Saved data entries:
•••••
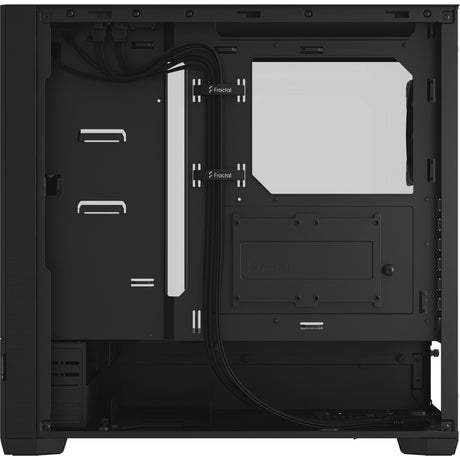 Fractal design pop silent black tg carcasa de torre midi con tinte transparente (negro | 2x USB-A | vidrio templado)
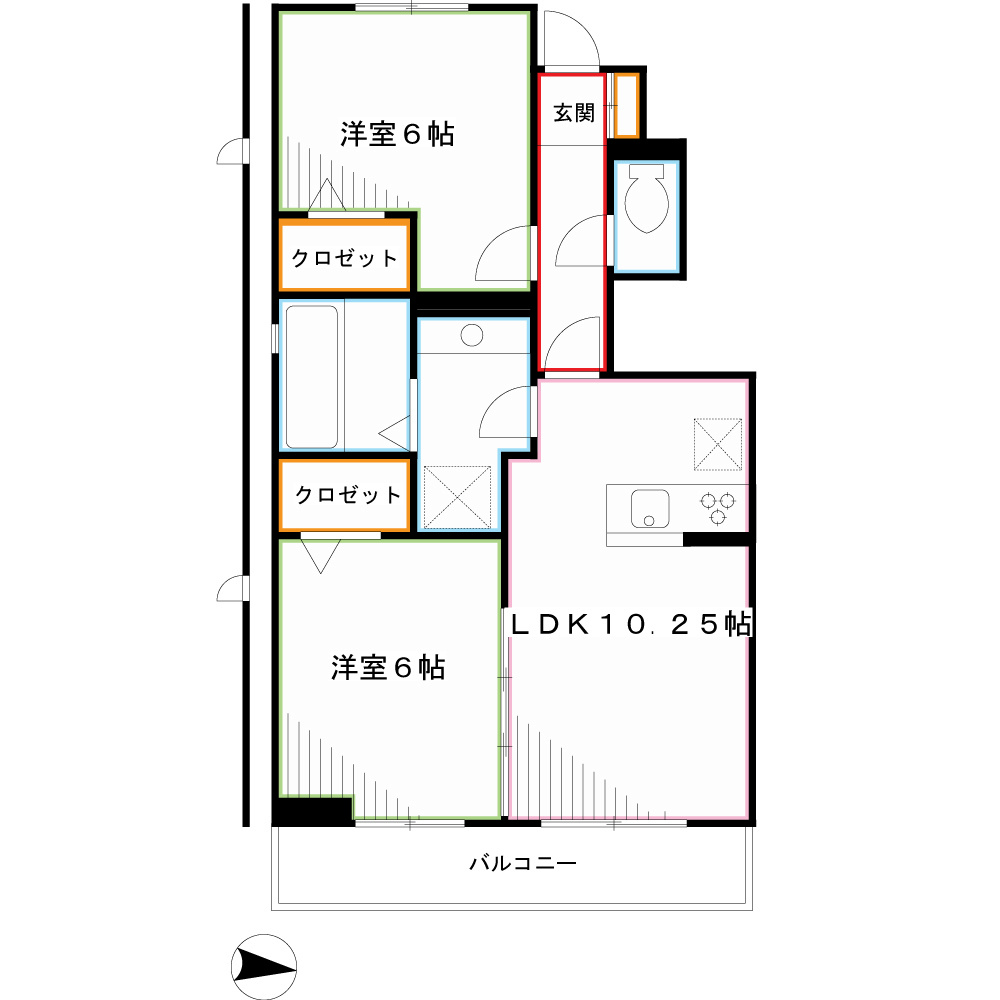 ルシード井の頭 間取り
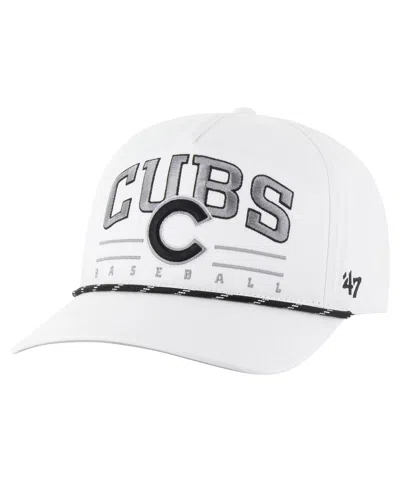 47 Brand Men's White Chicago Cubs Roscoe Speckle Hitch Adjustable Hat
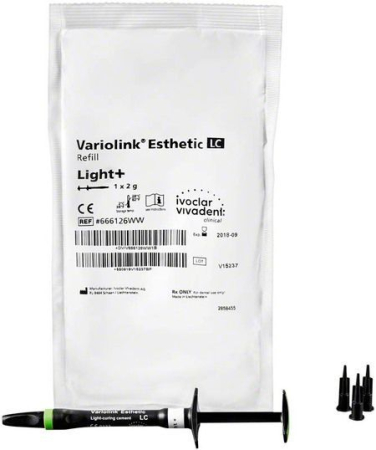 Variolink Esthetic LC Refill Light+, оттенок: светлый+, шприц*2г., Ivoclar Vivadent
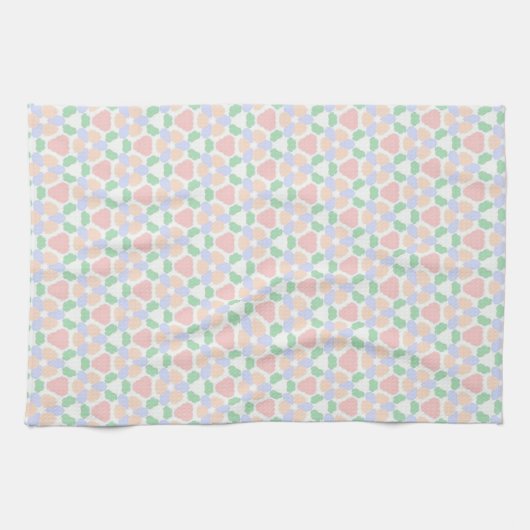Colorful Pastel Floral Seamless Pattern Geschirrtuch (Horizontal)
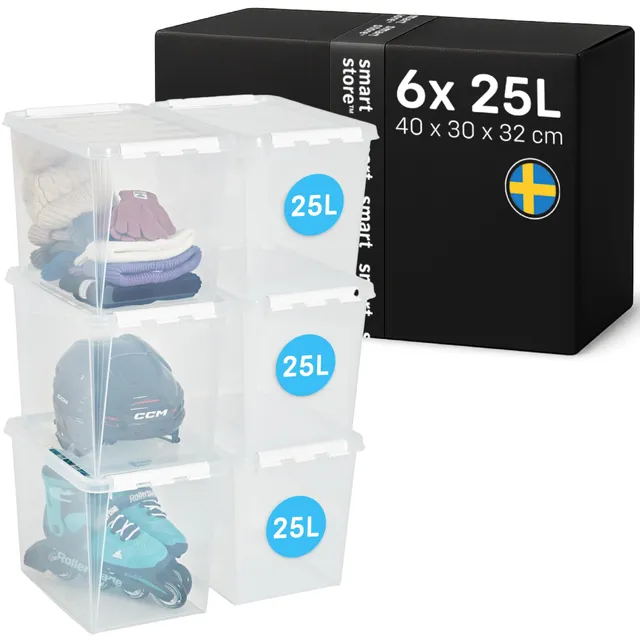 smartstore-classic-25l-aufbewahrungsbox-mit-deckel-40x30x32cm-6er-set image 1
•••••
Instructions to follow >> Copy out every line above, word for word, minus images.

Exercise solution >>
 Fractal design pop silent black tg carcasa de torre midi con tinte transparente (negro | 2x USB-A | vidrio templado)
 ルシード井の頭 間取り
 47 Brand Men's White Chicago Cubs Roscoe Speckle Hitch Adjustable Hat
 Variolink Esthetic LC Refill Light+, оттенок: светлый+, шприц*2г., Ivoclar Vivadent
Colorful Pastel Floral Seamless Pattern Geschirrtuch (Horizontal)
 smartstore-classic-25l-aufbewahrungsbox-mit-deckel-40x30x32cm-6er-set image 1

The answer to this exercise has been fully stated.